Delinquencies for April decreased to 12.1% from 12.8%. However, if loans that were removed from the index over the last year at a loss were included, the delinquency rate would increase to 16.9%, Fitch says.
An increase in distressed-loan buyers may be leading asset managers to pursue loan sales over modifications, according to Stacey McGovern, a director at the firm.
‘Resolving credit-impaired assets at a loss to the CDO has become a consistent trend among asset managers,’ McGovern says. ‘Further, not all of the credit-impaired assets are delinquent at the time of the resolution.’

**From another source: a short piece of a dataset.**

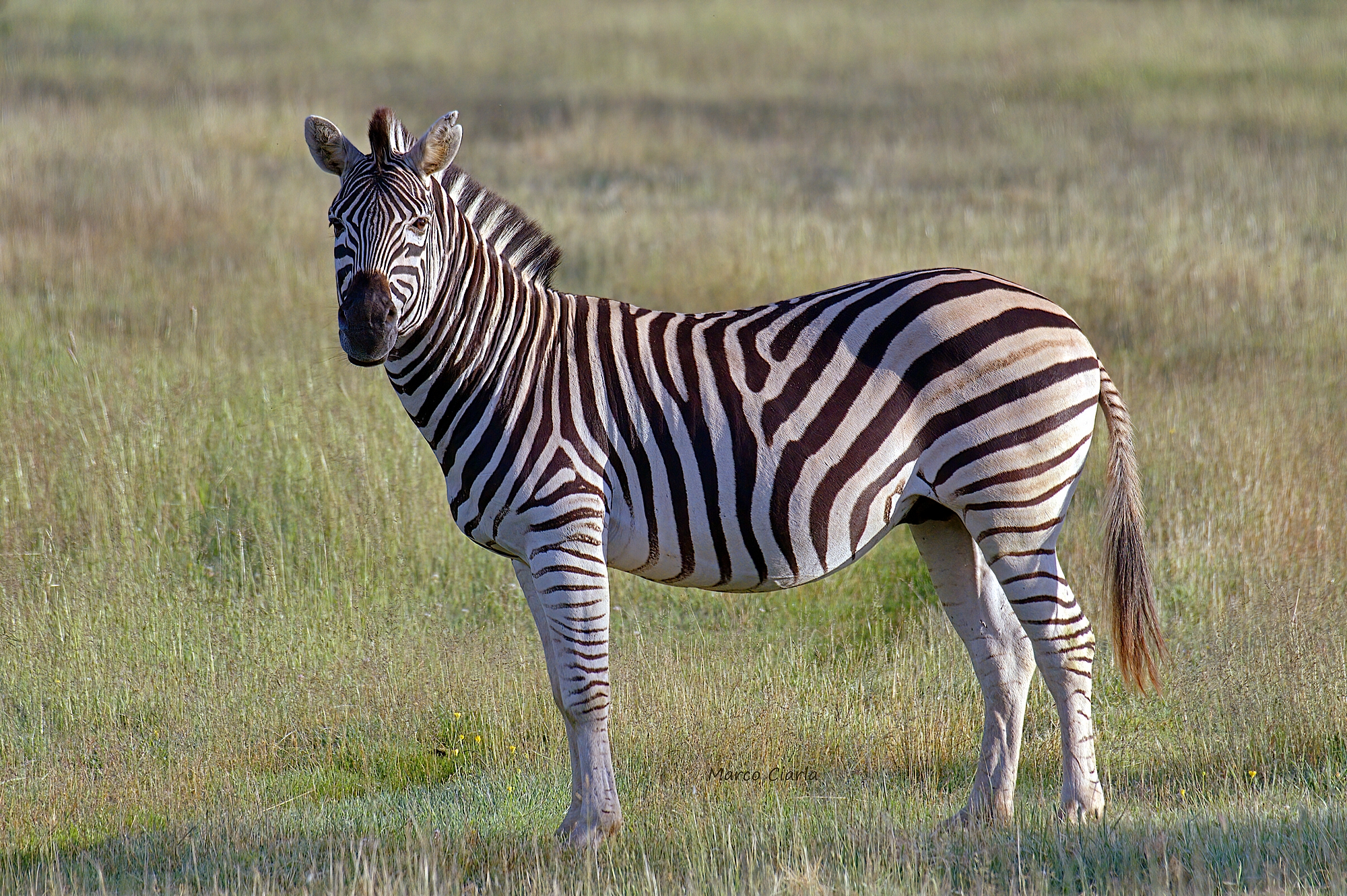 Zebra...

This strategy has yielded a third straight month of higher realized losses, Fitch adds. In total, realized losses in April were approximately $153.5 million.
Fitch updated its surveillance criteria for CREL CDOs in November 2009 and has completed reviews of 32 of the 35 Fitch-rated CREL CDOs. In the agency's analysis, the average base-case modeled losses for these CDOs is approximately 35%, while total actual realized losses to date are approximately 5%.